Le premier ministre hongrois Viktor Orbán, qui procède de manière très radicale contre la presse et l’opposition, a ses admirateurs en Europe de l’Est. Comme chez vous les nationaux-conservateurs à la Jaroslaw Kaczýnski. Le modèle politique autoritaire est-il une caractéristique à l’Est?
Il y a toujours chez nous des politiciens qui rêvent d’un autre type d’Etat. Si Orbán devait se maintenir en Hongrie, ou si, chez nous, un Kaczýnski l’emportait, ce serait dangereux. Pour eux, la démocratie n’est qu’une façade.
Orbán dit qu’il faut une «démocratie de majorité centralisée» pour réaliser des objectifs clairs, le cas échéant par décrets. Sans quoi il ne serait pas possible de juguler la crise économique.

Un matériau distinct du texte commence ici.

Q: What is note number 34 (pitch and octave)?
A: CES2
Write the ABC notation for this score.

Hitler disait la même chose: décrets spéciaux, régimes d’exception. Le chemin qui mène à l’enfer. Sincèrement, je ne me serais pas attendu à ça en Hongrie, qui est le premier pays à avoir percé une brèche dans le rideau de fer. En Roumanie et en Bulgarie peut-être, pas en Hongrie. Ce qui s’y passe se nourrit de la profonde déception à l’égard des socialistes qui étaient au pouvoir et ont économiquement ruiné le pays. En Pologne, par chance, les principales réformes en vue de passer à l’économie de marché ont été mises en œuvre dès les années 90. En Hongrie, il en est allé différemment et la population, déçue, remet tout en question. Y compris ce dont elle rêvait.
Les gens se fichent que des juges ou des rédacteurs en chef peu appréciés soient virés? Ont-ils oublié ce qu’ils ont vécu sous le communisme?

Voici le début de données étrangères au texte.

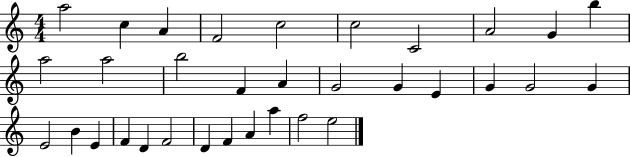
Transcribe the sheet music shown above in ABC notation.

X:1
T:Untitled
M:4/4
L:1/4
K:C
a2 c A F2 c2 c2 C2 A2 G b a2 a2 b2 F A G2 G E G G2 G E2 B E F D F2 D F A a f2 e2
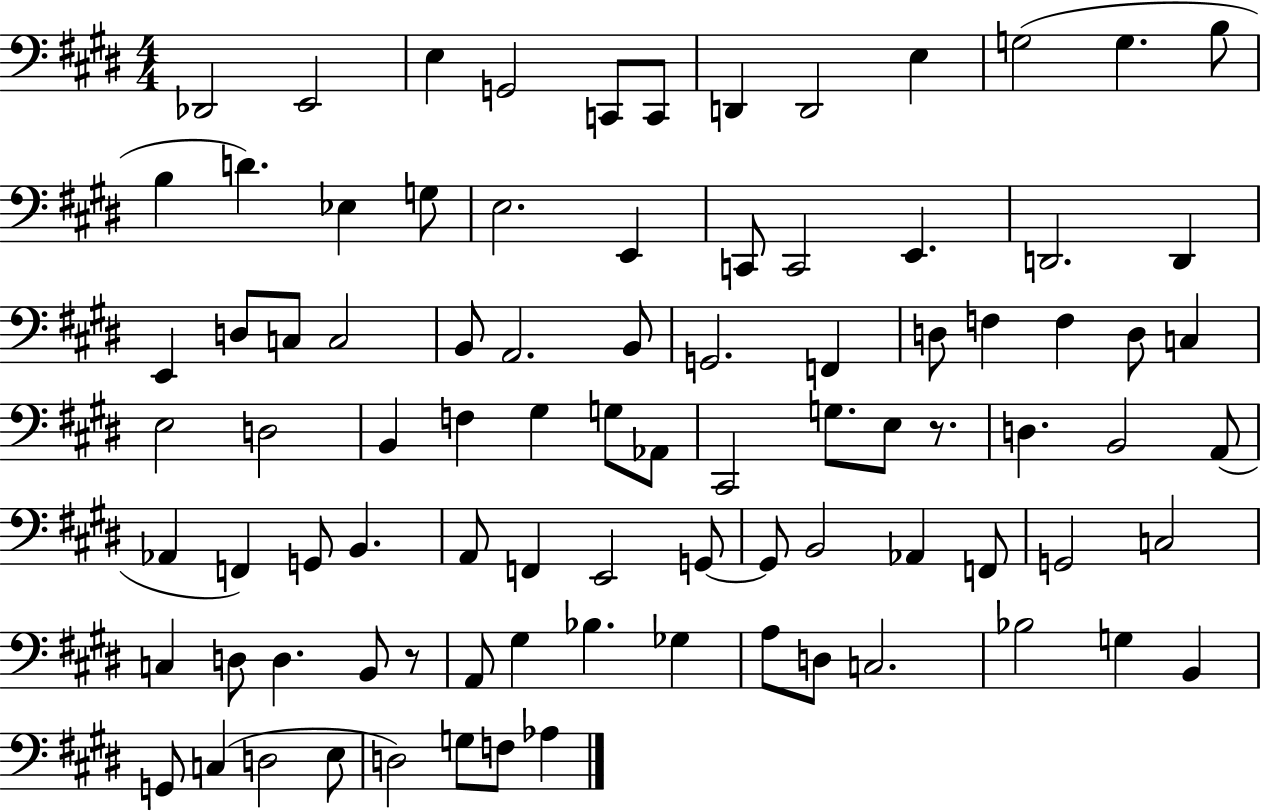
{
  \clef bass
  \numericTimeSignature
  \time 4/4
  \key e \major
  des,2 e,2 | e4 g,2 c,8 c,8 | d,4 d,2 e4 | g2( g4. b8 | \break b4 d'4.) ees4 g8 | e2. e,4 | c,8 c,2 e,4. | d,2. d,4 | \break e,4 d8 c8 c2 | b,8 a,2. b,8 | g,2. f,4 | d8 f4 f4 d8 c4 | \break e2 d2 | b,4 f4 gis4 g8 aes,8 | cis,2 g8. e8 r8. | d4. b,2 a,8( | \break aes,4 f,4) g,8 b,4. | a,8 f,4 e,2 g,8~~ | g,8 b,2 aes,4 f,8 | g,2 c2 | \break c4 d8 d4. b,8 r8 | a,8 gis4 bes4. ges4 | a8 d8 c2. | bes2 g4 b,4 | \break g,8 c4( d2 e8 | d2) g8 f8 aes4 | \bar "|."
}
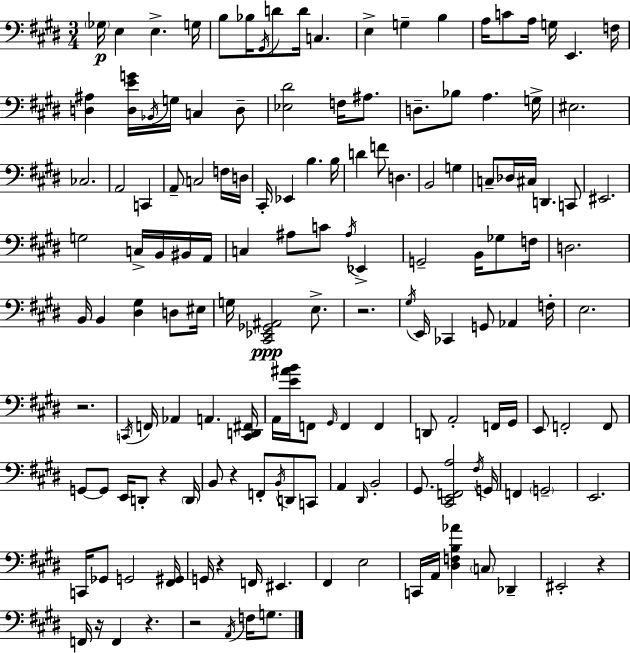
{
  \clef bass
  \numericTimeSignature
  \time 3/4
  \key e \major
  \parenthesize ges16\p e4 e4.-> g16 | b8 bes16 \acciaccatura { gis,16 } d'8 d'16 c4. | e4-> g4-- b4 | a16 c'8 a16 g16 e,4. | \break f16 <d ais>4 <d e' g'>16 \acciaccatura { bes,16 } g16 c4 | d8-- <ees dis'>2 f16 ais8. | d8.-- bes8 a4. | g16-> eis2. | \break ces2. | a,2 c,4 | a,8-- c2 | f16 d16 cis,16-. ees,4 b4. | \break b16 d'4 f'8 d4. | b,2 g4 | c8-- des16 cis16 d,4. | c,8 eis,2. | \break g2 c16-> b,16 | bis,16 a,16 c4 ais8 c'8 \acciaccatura { ais16 } ees,4-> | g,2-- b,16 | ges8 f16 d2. | \break b,16 b,4 <dis gis>4 | d8 eis16 g16 <cis, ees, ges, ais,>2\ppp | e8.-> r2. | \acciaccatura { gis16 } e,16 ces,4 g,8 aes,4 | \break f16-. e2. | r2. | \acciaccatura { c,16 } f,16 aes,4 a,4. | <c, d, fis,>16 a,16 <e' ais' b'>16 f,8 \grace { gis,16 } f,4 | \break f,4 d,8 a,2-. | f,16 gis,16 e,8 f,2-. | f,8 g,8~~ g,8 e,16 d,8-. | r4 \parenthesize d,16 b,8 r4 | \break f,8-. \acciaccatura { b,16 } d,8 c,8 a,4 \grace { dis,16 } | b,2-. gis,8. <cis, e, f, a>2 | \acciaccatura { fis16 } g,16 f,4 | \parenthesize g,2-- e,2. | \break c,16 ges,8 | g,2 <fis, gis,>16 g,16 r4 | f,16 eis,4. fis,4 | e2 c,16 a,16 <dis f b aes'>4 | \break \parenthesize c8 des,4-- eis,2-. | r4 f,16 r16 f,4 | r4. r2 | \acciaccatura { a,16 } f16 g8. \bar "|."
}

Dans nos pays, une partie des gens choisirait aujourd’hui encore un régime autoritaire. Ils ont gardé la mentalité de l’Homo sovieticus.
Orbán veut imposer à son pays un «système de collaboration nationale sans compromis». Qu’entend-il par là?
L’historien britannique Norman Davies a surnommé cette forme de démocratie «gouvernement des cannibales». Il y a des élections démocratiques mais, ensuite, le parti vainqueur dévore les perdants. Il y a là un risque de coup d’Etat rampant: déconnecter les institutions démocratiques. Parce qu’on croit qu’on possède seul la vérité. Alors, un jour ou l’autre, les partis n’ont plus de signification, le système repose sur le monologue du pouvoir. En Occident, les institutions démocratiques sont mieux enracinées. La démocratie peut s’y protéger. Chez nous, tout reste encore fragile, même deux décennies après la fin du communisme.
Orbán, Kaczýnski et les autres parlent d’achever enfin la révolution de 1989 et d’en finir avec le communisme. Les fonctionnaires plus ou moins ralliés représentent-ils toujours un danger?
Le fait que la Pologne a choisi la voie de la réconciliation plutôt que celle de la vengeance a été une bonne chose, je crois. Mais sur ce point, on m’attaque. J’étais un partisan d’Adenauer. Lui aussi avait plusieurs options après la guerre: jeter en prison les gens de son entourage qui avaient soutenu Hitler ou faire d’eux des démocrates. Il a choisi la seconde voie. Notre Pologne doit être la Pologne de tous. L’autre voie eût été que l’opposition s’empare tout de suite du pouvoir en 1989, sans rien partager avec l’ancien régime. Il aurait fallu éliminer les communistes et le gouvernement aurait été occupé par une petite élite. C’eût été un anticommunisme à visage bolchevique.
On dit souvent que les anciennes coteries sont de retour. En Bulgarie, une nouvelle classe moyenne urbaine manifeste contre la classe politique.
Oui, en Bulgarie aussi, il y a eu des élections libres. En démocratie, le pouvoir est à l’image de la société, les gens sont élus. Et c’est parfois le modèle de l’ancien régime qui l’emporte. Mais la démocratie est valable pour tous, pas seulement pour l’élite.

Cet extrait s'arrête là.